» Exercise:
Output the listing below verbatim, but drop the images.

-- Data segment follows --

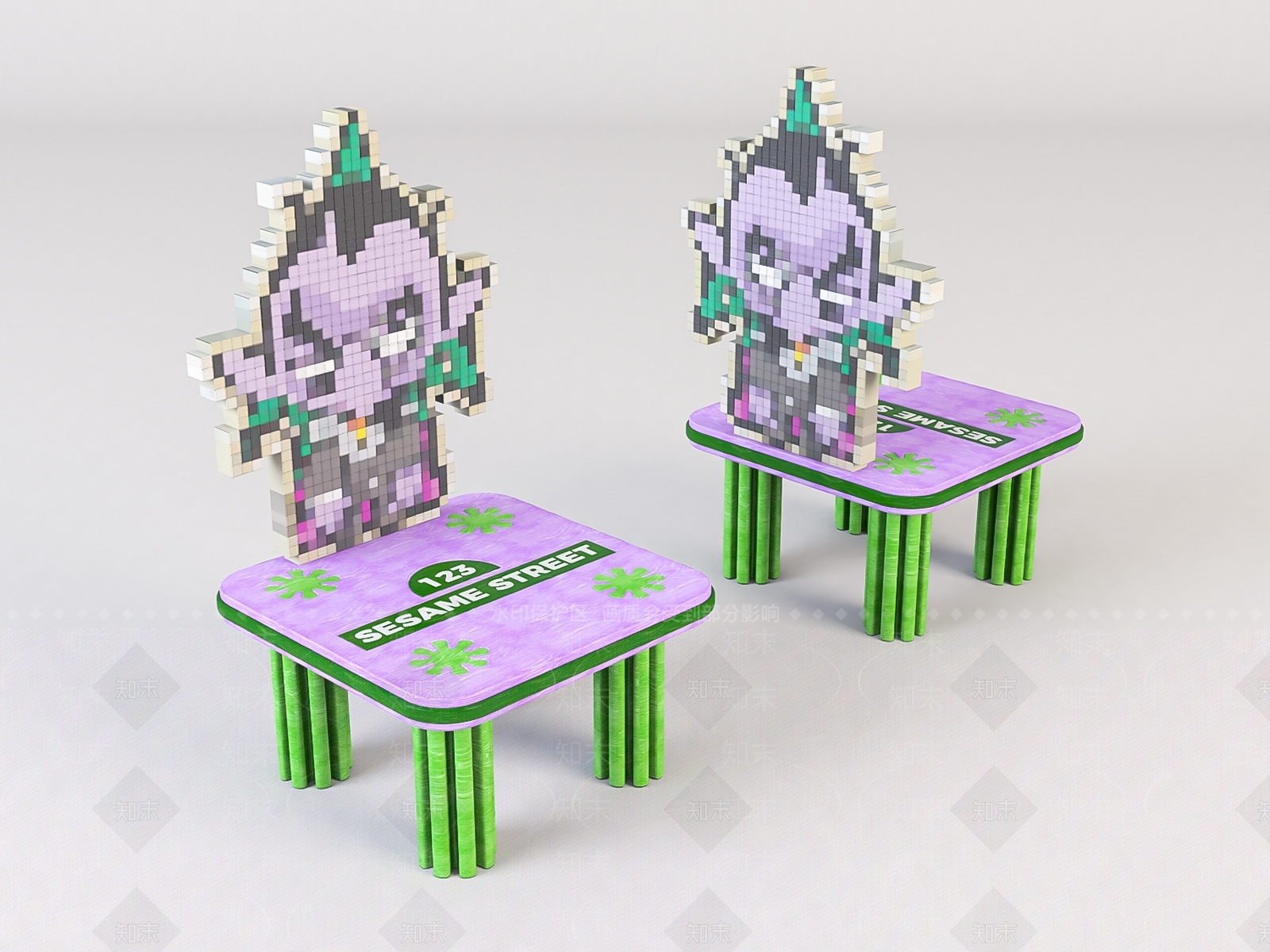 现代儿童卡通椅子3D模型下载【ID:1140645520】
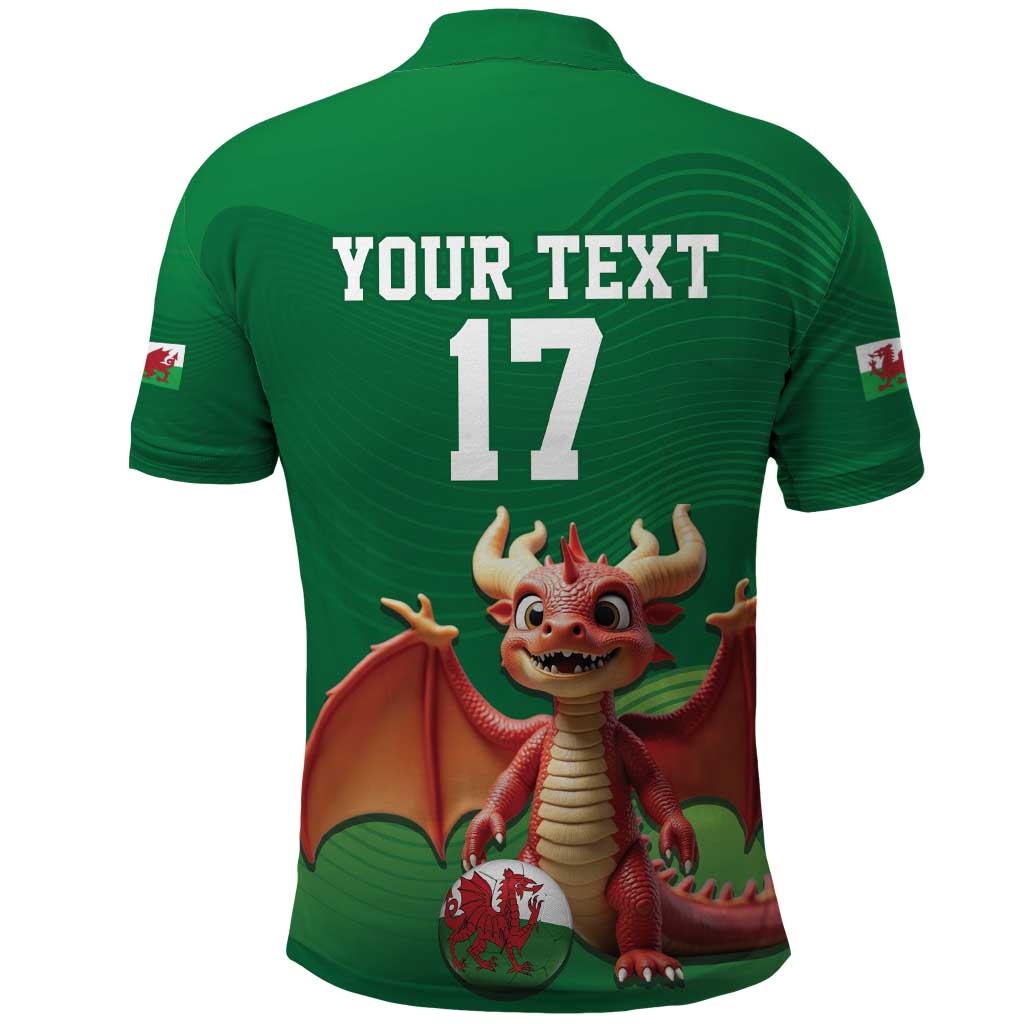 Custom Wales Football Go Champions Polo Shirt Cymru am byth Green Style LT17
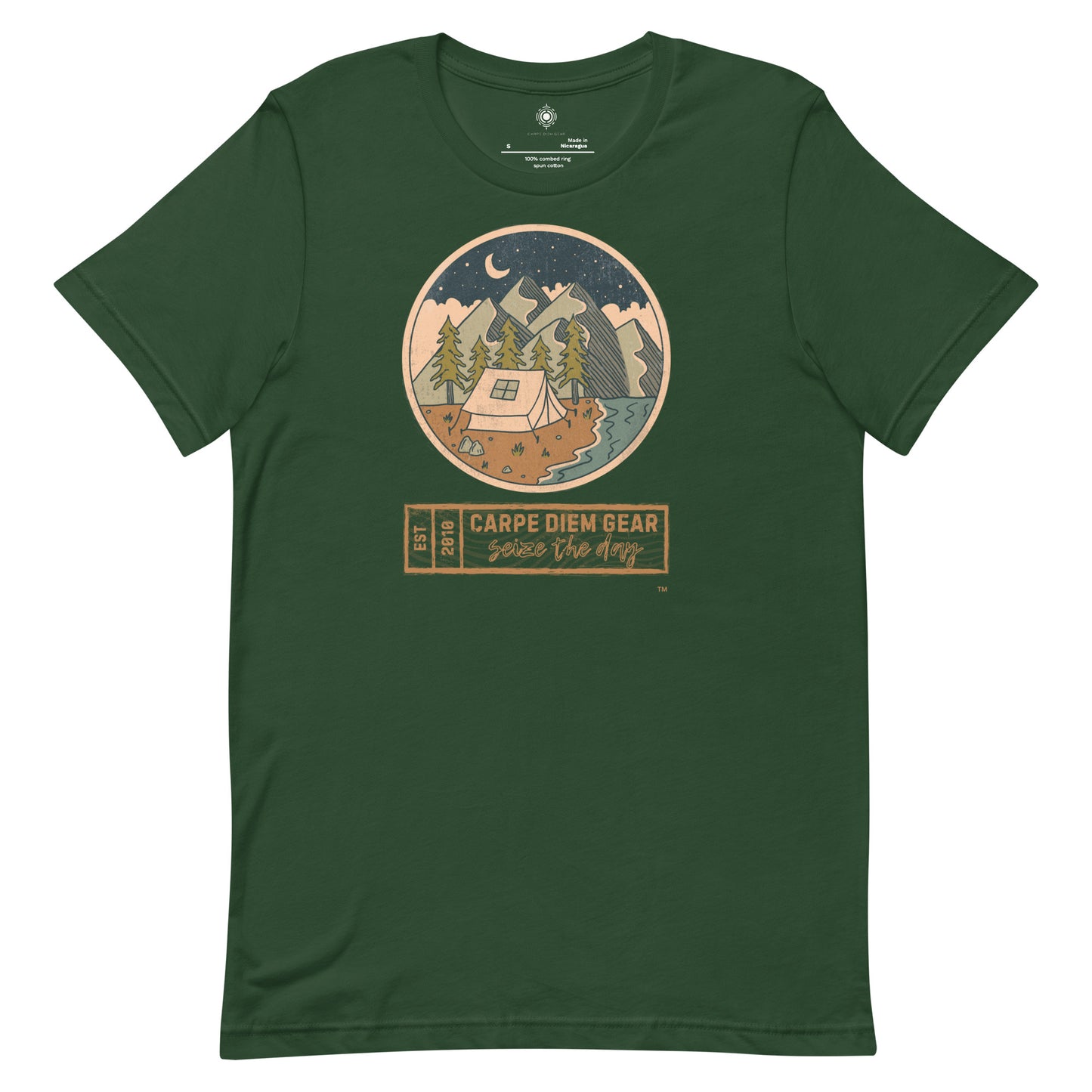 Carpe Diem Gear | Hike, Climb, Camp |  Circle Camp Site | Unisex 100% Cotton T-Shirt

-- Data segment concluded --

» Finished exercise:
 现代儿童卡通椅子3D模型下载【ID:1140645520】
 Custom Wales Football Go Champions Polo Shirt Cymru am byth Green Style LT17
 Carpe Diem Gear | Hike, Climb, Camp |  Circle Camp Site | Unisex 100% Cotton T-Shirt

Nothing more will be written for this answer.